**What the exercise asks**:
Starting at the first line of the data, print every line up to and including the one with "The next step", but no pictures.

**Data below**:
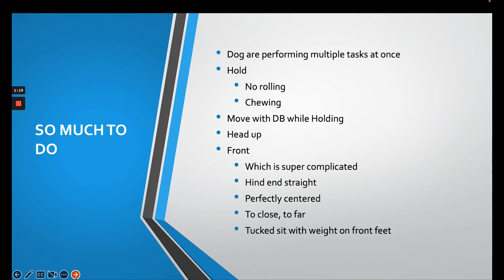You have to remember that the dogs are performing multiple tasks at once. They have to hold, which means no rolling, no chewing, no moving your mouth at all.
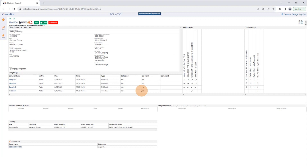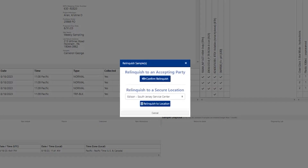The next step is to physically relinquish the samples to the laboratory. When you're ready, there's a blue button in the upper right-hand corner — click Relinquish and a pop-up window will appear with two options. You can confirm the relinquish to an accepting party, which would be in person at one of our locations. Or you can relinquish to a secure location — for example, if you're leaving samples in a drop box or dropping them off with FedEx or an outside courier.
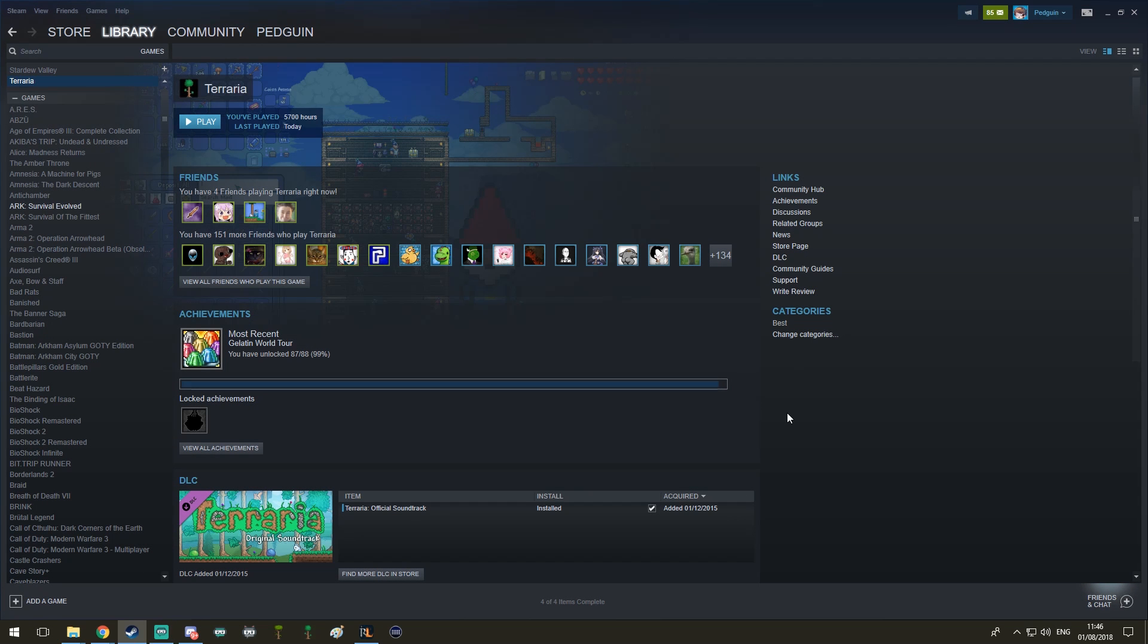What's up guys, PedGuin here, back again with another T-Mod Loader tutorial, teaching you everything you need to know about T-Mod Loader.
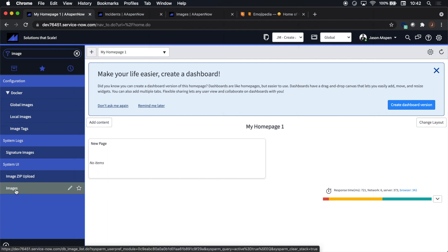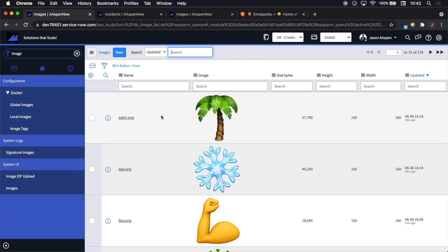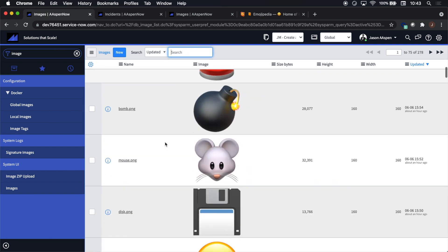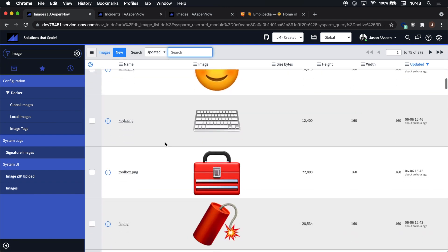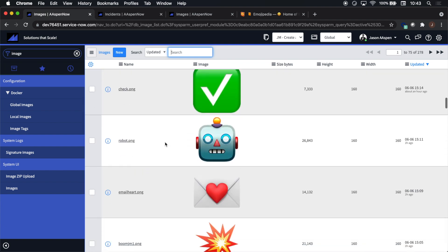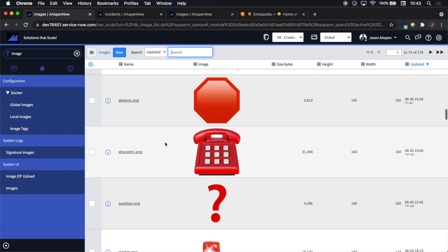First up in our journey is going to be to navigate to Images under System UI in order to make the platform a little bit cooler. You'll see here a bunch of images that I've imported and I want to walk you through the steps so you can bring one in yourself.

**Response for this exercise**:
You have to remember that the dogs are performing multiple tasks at once. They have to hold, which means no rolling, no chewing, no moving your mouth at all.
The next step is to physically relinquish the samples to the laboratory. When you're ready, there's a blue button in the upper right-hand corner — click Relinquish and a pop-up window will appear with two options. You can confirm the relinquish to an accepting party, which would be in person at one of our locations. Or you can relinquish to a secure location — for example, if you're leaving samples in a drop box or dropping them off with FedEx or an outside courier.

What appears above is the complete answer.